Mesela çocukların farklı dönemlerinde farklı davranışları olur. Ne yazık ki anne- babalar bu davranışları gözlemleyemiyorlar. Ama biz öğretmenler bu davranışları çok daha iyi gözlemleyebiliyoruz. Öğrenciler özellikle bahar ayları başlayınca nasıl tabiat bir anda kabarıyorsa, çocuklar da gerek kız, gerek erkek olsun mart ve nisan aylarında ergenlik çağının davranışlarının camlandığını yıllardır izleyen bir eğitimciyim. Özellikle bu durumlarda gençlere nasıl davranılması gerektiğini bilmemiz gerekir.

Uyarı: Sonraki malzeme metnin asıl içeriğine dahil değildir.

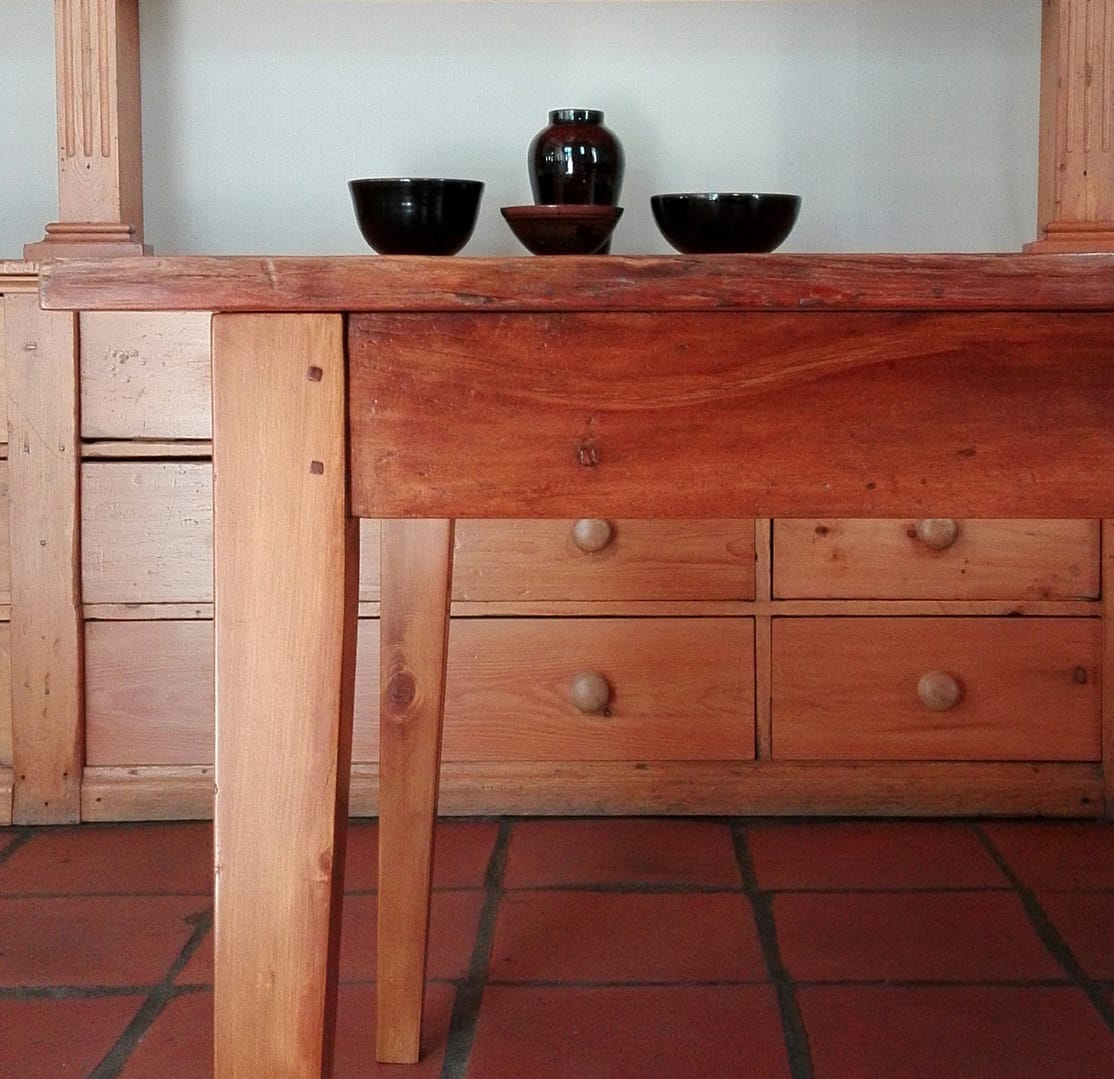 Peg top table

Çocuklar toprak gibi nankör değildir. Toprağa ne ekersen onu verir. Buğday ekersen buğday, arpa ekersen arpa verir. Ama boş bırakırsan o tarlada hangi yabani otların ve tikenlerin yetişeceğini bilemezsiniz.
Hiç kimse çocuğunun nasıl olacağı konusunda endişe etmesin. Siz ne iseniz çocuğunuz da o olacaktır. Bundan emin olabilirsiniz. Çocuğa etki eden söz değil davranıştır. Nitekim dergâhların temel bir prensibi de ahlak: “ Kal değil, haldir- Söz değil davranış bilgisidir.” Çocuğa etki eden, ona söyledikleriniz değil, onun sizde gördükleridir. Meseleyi yalancılıkla halletmeye çalışıyorsanız, çocuğunuz iyi bir yalancı olur. Çocuklarınızın istediğiniz gibi olmasını istiyorsanız lütfen söylemeyin, söylemek istediğinizi yaşayarak söyleyin. Çocuklarınız da endişe etmeyin sizin gibi yaşayacaktır. Çocukların % 70 itibariyle kişiliğinin geliştiği yer aile ocağıdır.

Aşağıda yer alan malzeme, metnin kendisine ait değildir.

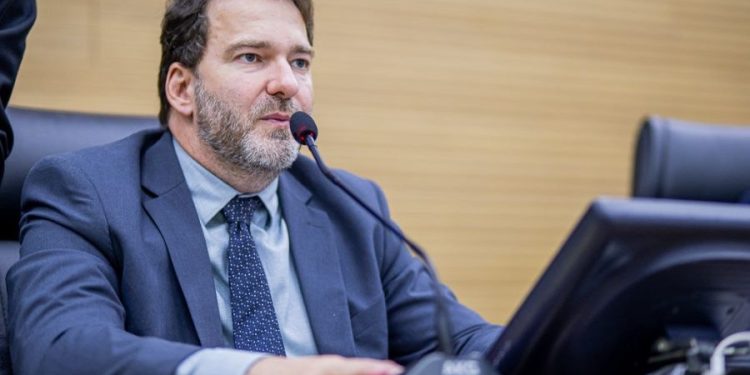 Alex Redano indica implantação de lavanderia industrial para atender unidades prisionais de Ji-Paraná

Çocuklarınıza yapabileceğiniz en büyük psikolojik travma, başkalarıyla kıyaslamadır. Veli toplantılarında çok şahit olmuşumdur. Çocuğunun kırık notunu öğrenen veliler kurşun asker gibi odama gelerek: “ Hocam dershaneye gönderiyorum, özel kurs aldırıyorum dersleri yine zayıf. Bizim komşu çocuğu ne dershaneye gidiyor, ne kurs alıyor bizim taş kafadan dersleri daha iyi. Ne yapıyım ben bunu?” diyerek, çocuğunun kafasını daha da taşlaşdıran veliler çok gördüm.
Çocuğu devamlı azarlama, yok sayma, önemsememe, dinlememe gibi yanlış davranışlar ne kadar yanlışsa, çocuğunuza okullarda ödevine yardım etmeniz, üniversite tercihlerini sizin yapmanız, İş ve eş bulmada da yardım etmeniz de o kadar yanlıştır. Aşırı koruyucu, ve müdahale edici, aile ortamlarında büyüyen çocuklar edilgen olduğunu pedagoglar söylemektedir.

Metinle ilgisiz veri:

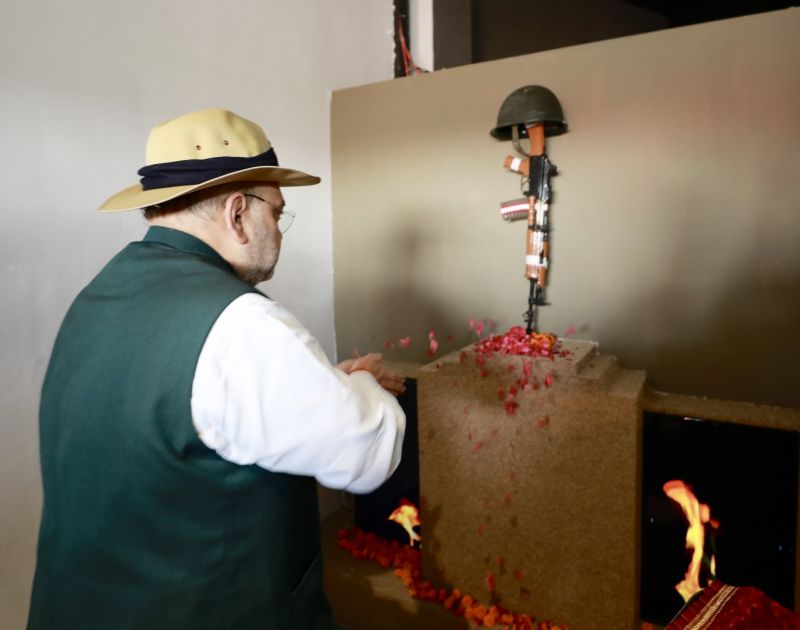 Amit Shah inaugurates Indo-Pak border viewing point in Gujarat's Nada Bet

“ Yapamazsın”, “ Edemezsin”, “ Bunu da yanlış yaptın”, “ Dur senin yerine ben yapayım”, “ ona dokunma”, gibi yanlış mesajlarla büyütülen çocuklar bir şeyler yapmağa kalktıklarında eyleme geçemezler. Çünkü bu çocuğa daha önceden “ yapamazsın” mesajı verilmiştir.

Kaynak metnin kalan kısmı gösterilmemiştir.